> [Exercise prompt] Using only the entries below, copy exactly the lines that begin at the one with "xah emacs 47k links changed 2021-02-12" and end at the one with "Jugoszlávia / Belgrád", both included. Drop the pictures.

[The data]

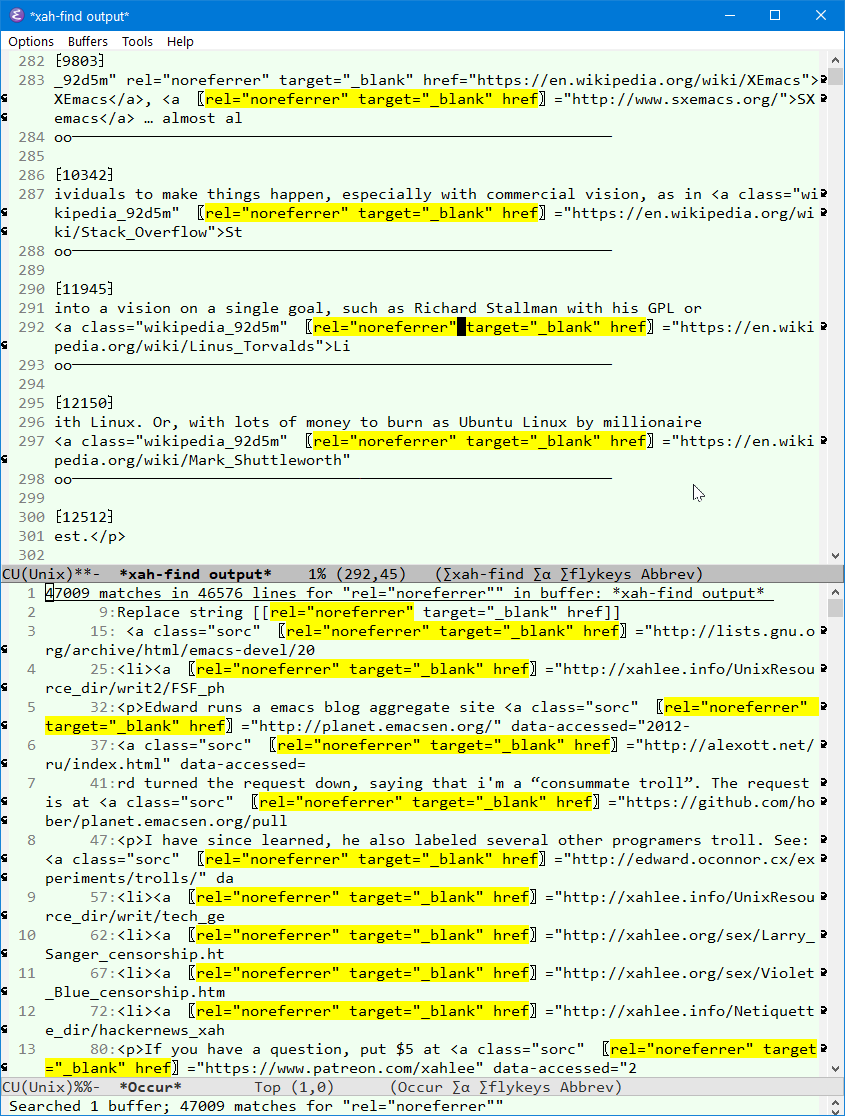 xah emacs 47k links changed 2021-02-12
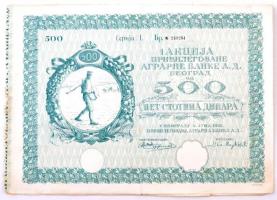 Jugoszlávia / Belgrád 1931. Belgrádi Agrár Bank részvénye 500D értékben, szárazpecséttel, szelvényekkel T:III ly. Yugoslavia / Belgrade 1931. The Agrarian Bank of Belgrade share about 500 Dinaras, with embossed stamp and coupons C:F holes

[/The data]
[The data]

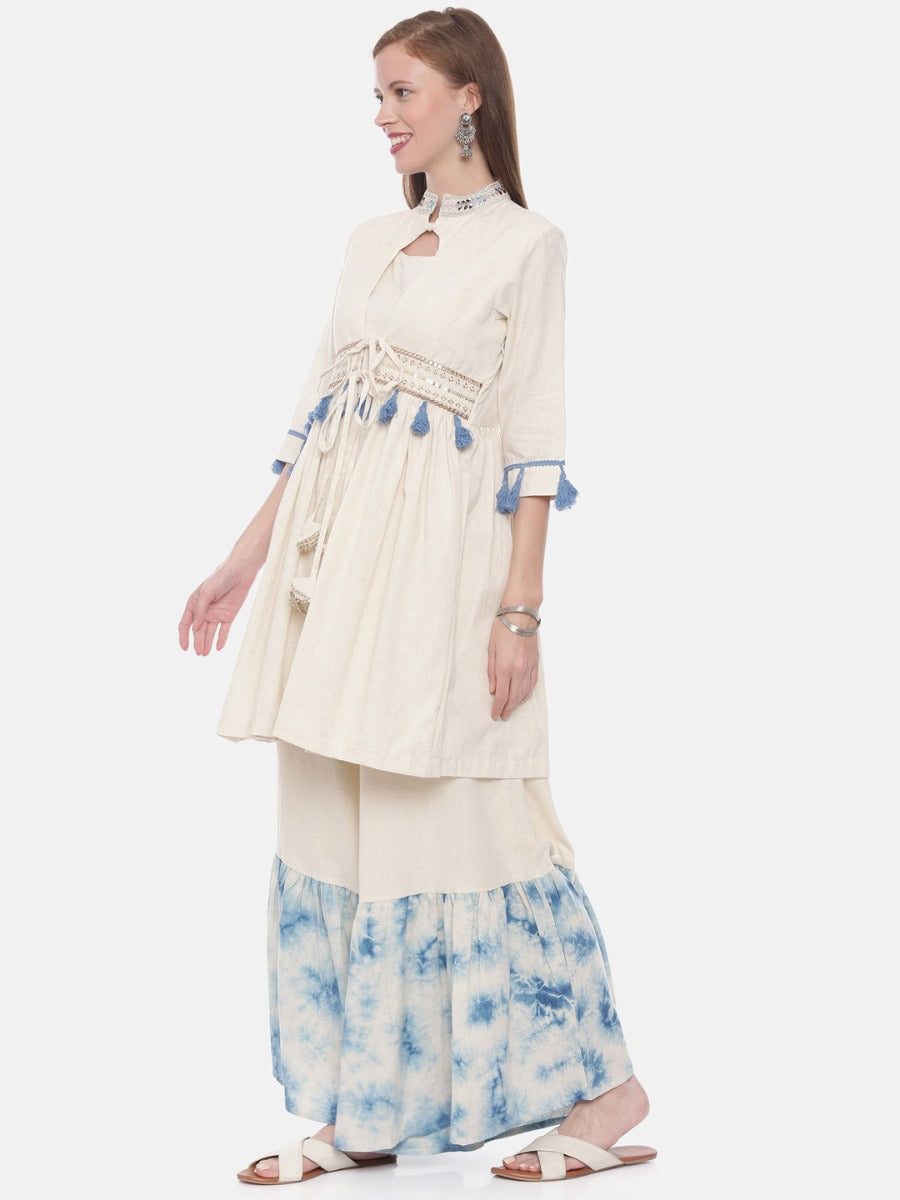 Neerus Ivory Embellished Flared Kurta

[/The data]
[The data]

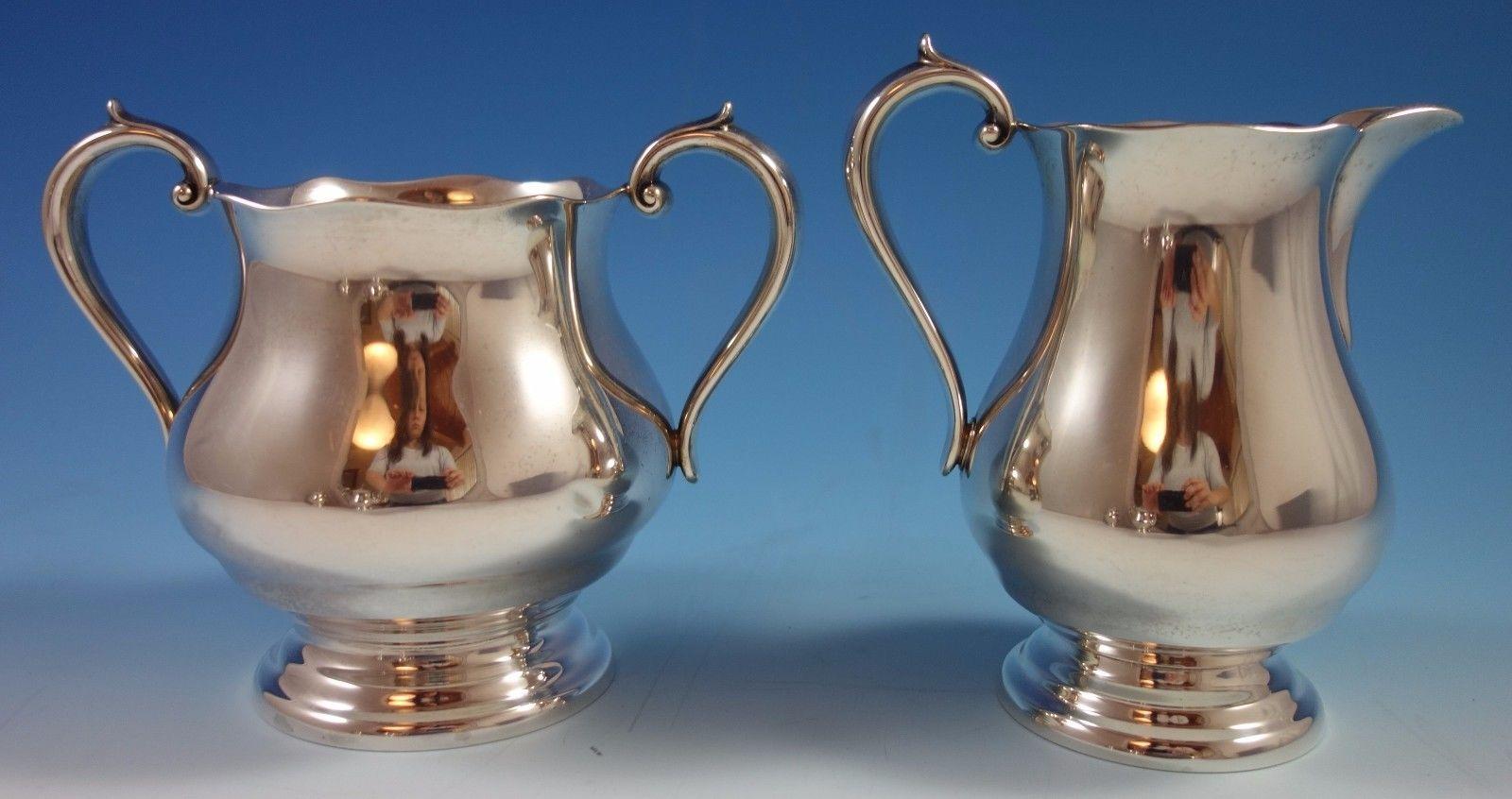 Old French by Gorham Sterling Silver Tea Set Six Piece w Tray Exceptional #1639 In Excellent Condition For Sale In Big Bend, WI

[/The data]

> [Worked solution]
 xah emacs 47k links changed 2021-02-12
 Jugoszlávia / Belgrád 1931. Belgrádi Agrár Bank részvénye 500D értékben, szárazpecséttel, szelvényekkel T:III ly. Yugoslavia / Belgrade 1931. The Agrarian Bank of Belgrade share about 500 Dinaras, with embossed stamp and coupons C:F holes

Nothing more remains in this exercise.